WHAT THE TASK ASKS - Repeat, line for line, only the span that opens at the "Hyundai Solaris II" line and closes at the final line below. Skip the pictures.
===== DATA PROVIDED
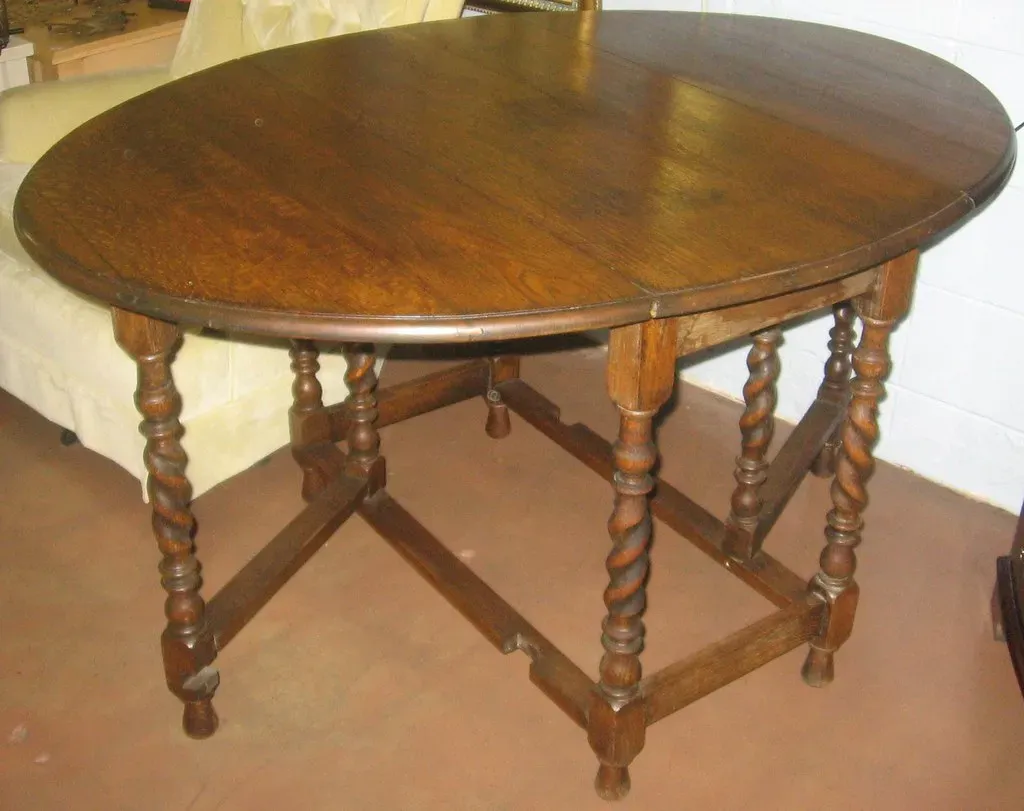 American Empire Furniture (Image Credits: Flickr)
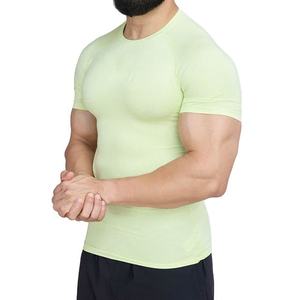 Concevez votre propre t-shirt de compression pour homme avec logo frontal - T-shirt anti-UV respirant et à séchage rapide en tissu polyester/nylon - Product Image 2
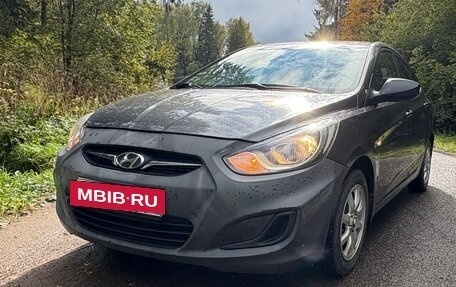 Hyundai Solaris II рестайлинг, 2014 год, 750 000 рублей, 10 фотография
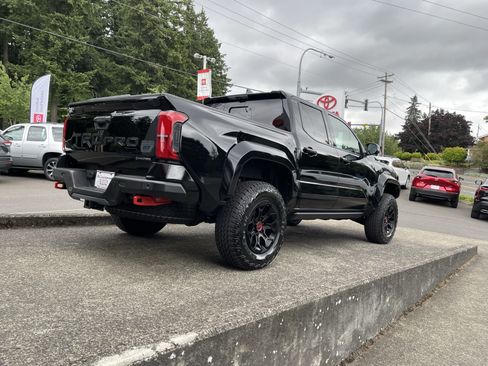 Certified 2025 Toyota Tacoma TRD Pro AWD/4WD image 9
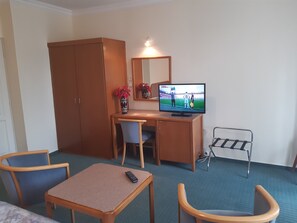 ميني بار وبديكورات فريدة لكل غرفة وطراز فريد لكل وحدة ومكتب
==========
RESPONSE AREA -
 Hyundai Solaris II рестайлинг, 2014 год, 750 000 рублей, 10 фотография
 Certified 2025 Toyota Tacoma TRD Pro AWD/4WD image 9
 ميني بار وبديكورات فريدة لكل غرفة وطراز فريد لكل وحدة ومكتب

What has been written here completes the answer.